In the style of Forrest Gump, when we hit the end of the road at the tip of South America, we figured since we’d gone this far we might as well turn back around and just keep on going. So that is what we did. We turned the van north heading for warmer weather, some final adventures, and eventually the port city from which we would be shipping Chimera back to the United States.
When we planned this adventure we decided that in general we were going to drive south, we’d stick to the west coast to take advantage of both mountains and beaches, and we’d definitely spend some time in Patagonia, but we never specifically had a destination. Our intention was to enjoy the journey and not focus on the destination. However, we knew that technically the southern end of the Pan-American Highway is in Ushuaia, Argentina, and that Tierra del Fuego was beautiful, so we had in the back of our minds that it would be awesome to go all the way to the end of the road. At one point we weren’t sure we’d make it that far south. The endless washboard roads have been taking their toll on the van and on our nerves and we considered just stopping somewhere nice to hang out for a while instead of pushing further south. But we kept moving on. When we finally pulled into Ushuaia, just five days shy of one year on the road, a fiercely cold wind was blowing the rain sideways and the world was gray, but we couldn’t stop grinning from ear to ear. We had made it all the way south. And it was a fantastic journey.
Long before we left on this journey we had dreamt of exploring the magical world of Patagonia. We imagined glacier-clad peaks looking over turquoise lakes, out of which ran bubbling rivers through verdant green forests, with deer, guanacos, and hares running wild and eagles gracing the skies. We realized that this was probably an unrealistic expectation, but we still had dreams of an enchanting place at the southern end of the world. As we fished, hiked, and camped our way through the Lakes District we realized our Patagonia dreams were beginning to come true.
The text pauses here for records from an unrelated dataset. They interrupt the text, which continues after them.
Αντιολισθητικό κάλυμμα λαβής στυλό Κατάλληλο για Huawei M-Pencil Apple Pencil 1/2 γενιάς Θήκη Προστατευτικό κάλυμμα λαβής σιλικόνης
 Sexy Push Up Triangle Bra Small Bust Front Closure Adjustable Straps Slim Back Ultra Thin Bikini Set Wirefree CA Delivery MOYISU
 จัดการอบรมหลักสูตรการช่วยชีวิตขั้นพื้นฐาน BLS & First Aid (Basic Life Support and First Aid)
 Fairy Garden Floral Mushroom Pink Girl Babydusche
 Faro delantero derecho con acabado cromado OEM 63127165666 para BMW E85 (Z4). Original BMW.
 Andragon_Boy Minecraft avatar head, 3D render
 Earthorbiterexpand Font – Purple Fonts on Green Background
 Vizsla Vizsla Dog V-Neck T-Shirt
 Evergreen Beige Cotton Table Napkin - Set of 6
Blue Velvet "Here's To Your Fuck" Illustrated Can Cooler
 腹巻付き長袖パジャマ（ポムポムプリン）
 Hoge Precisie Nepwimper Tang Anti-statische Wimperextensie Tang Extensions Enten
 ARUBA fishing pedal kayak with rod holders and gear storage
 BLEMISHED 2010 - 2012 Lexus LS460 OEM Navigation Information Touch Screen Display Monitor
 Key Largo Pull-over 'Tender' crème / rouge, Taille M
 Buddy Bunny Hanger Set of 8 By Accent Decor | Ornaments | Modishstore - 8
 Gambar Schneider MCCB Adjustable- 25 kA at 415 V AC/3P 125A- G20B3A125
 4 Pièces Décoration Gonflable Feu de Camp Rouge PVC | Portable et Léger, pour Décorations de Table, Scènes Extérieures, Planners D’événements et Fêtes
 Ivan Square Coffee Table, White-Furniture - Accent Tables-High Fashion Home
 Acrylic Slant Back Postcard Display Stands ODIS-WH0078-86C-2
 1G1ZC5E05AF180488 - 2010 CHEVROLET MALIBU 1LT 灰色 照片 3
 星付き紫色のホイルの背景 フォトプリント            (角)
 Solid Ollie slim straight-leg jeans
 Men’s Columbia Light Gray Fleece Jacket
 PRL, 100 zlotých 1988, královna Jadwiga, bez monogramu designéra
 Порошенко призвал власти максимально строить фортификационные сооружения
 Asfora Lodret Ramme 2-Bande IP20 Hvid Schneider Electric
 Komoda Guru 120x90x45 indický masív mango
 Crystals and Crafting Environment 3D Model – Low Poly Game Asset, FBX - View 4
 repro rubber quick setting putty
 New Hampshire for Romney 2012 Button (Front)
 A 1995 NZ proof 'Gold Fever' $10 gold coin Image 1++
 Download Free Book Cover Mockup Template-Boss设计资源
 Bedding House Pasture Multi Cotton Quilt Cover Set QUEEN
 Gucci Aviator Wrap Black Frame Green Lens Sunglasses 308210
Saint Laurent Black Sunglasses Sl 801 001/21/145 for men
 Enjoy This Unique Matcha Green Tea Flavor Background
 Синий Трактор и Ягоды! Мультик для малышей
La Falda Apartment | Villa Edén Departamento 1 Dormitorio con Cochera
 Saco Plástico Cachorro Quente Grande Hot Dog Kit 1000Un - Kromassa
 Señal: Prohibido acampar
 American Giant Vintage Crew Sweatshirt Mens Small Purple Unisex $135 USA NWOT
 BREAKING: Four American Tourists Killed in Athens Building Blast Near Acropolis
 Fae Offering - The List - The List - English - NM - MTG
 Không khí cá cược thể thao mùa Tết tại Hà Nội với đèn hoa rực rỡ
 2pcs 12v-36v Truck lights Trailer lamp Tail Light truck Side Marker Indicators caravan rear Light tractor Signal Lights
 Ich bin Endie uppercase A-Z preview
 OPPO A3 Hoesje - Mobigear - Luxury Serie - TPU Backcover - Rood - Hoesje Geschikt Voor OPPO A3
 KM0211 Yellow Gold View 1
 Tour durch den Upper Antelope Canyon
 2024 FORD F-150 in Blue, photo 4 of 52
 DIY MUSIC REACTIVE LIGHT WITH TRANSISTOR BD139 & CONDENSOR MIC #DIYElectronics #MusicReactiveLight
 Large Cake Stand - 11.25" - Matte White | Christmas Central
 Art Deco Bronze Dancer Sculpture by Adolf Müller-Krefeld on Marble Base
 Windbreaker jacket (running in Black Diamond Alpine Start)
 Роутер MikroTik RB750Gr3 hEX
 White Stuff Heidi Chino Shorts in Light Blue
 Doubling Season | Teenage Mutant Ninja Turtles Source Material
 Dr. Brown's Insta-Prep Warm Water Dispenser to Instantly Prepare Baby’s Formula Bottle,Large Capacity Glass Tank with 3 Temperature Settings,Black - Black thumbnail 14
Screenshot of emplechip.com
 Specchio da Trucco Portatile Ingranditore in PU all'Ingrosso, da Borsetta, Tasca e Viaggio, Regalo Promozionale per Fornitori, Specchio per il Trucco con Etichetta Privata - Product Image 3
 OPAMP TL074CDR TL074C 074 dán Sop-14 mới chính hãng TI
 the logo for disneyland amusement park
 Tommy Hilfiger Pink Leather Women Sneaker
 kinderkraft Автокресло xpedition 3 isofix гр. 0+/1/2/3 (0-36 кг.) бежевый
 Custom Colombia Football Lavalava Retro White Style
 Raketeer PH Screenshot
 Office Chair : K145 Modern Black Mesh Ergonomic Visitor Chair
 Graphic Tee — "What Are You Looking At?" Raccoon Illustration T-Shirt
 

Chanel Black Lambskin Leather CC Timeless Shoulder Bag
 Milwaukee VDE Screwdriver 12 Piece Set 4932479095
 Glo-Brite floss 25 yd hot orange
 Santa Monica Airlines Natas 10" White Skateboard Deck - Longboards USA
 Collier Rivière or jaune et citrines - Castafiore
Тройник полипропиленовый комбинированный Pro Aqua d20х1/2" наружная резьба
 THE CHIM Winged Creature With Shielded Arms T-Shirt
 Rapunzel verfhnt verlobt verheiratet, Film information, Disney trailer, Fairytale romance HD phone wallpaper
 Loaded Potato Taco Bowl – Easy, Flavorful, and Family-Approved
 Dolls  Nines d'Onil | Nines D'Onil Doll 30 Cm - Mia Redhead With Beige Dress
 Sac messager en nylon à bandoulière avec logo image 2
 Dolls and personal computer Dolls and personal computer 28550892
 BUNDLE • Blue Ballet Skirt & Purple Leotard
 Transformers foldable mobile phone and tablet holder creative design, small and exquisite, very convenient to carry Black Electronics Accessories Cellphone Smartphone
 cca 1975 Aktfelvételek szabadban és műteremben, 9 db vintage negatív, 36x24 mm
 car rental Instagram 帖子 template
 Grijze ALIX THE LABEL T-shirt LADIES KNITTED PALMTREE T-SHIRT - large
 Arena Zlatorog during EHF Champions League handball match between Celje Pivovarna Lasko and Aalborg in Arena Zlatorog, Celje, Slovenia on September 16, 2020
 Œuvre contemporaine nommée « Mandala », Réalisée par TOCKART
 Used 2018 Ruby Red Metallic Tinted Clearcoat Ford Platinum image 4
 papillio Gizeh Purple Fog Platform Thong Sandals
As we got further south, into the heart of the deep south, it only kept getting better. Patagonia showed us many faces, but almost all of them were beautiful and wild.
We never planned this to be a climbing trip, or a trekking trip, or a surfing trip, it was always meant to be an overlanding adventure. That being said, we’ve been very lucky to enjoy an abundance of great trekking, surfing, and climbing over the past year. One of the many amazing places we stumbled across where we could enjoy one of our hobbies was Piedra Parada, a climbing area in the dry steppe east of the green lushness of the Lakes District. We spent four warm sunny days working our muscles and tearing our fingers up on the big walls of the incredible Buitrera Canyon. The routes were well-bolted and fun, the walls were enormous, the canyon was breathtaking, the air was warm, and the beer waiting in the fridge for us was cold. Once again we were very glad that we hauled that heavy climbing gear with us all this way.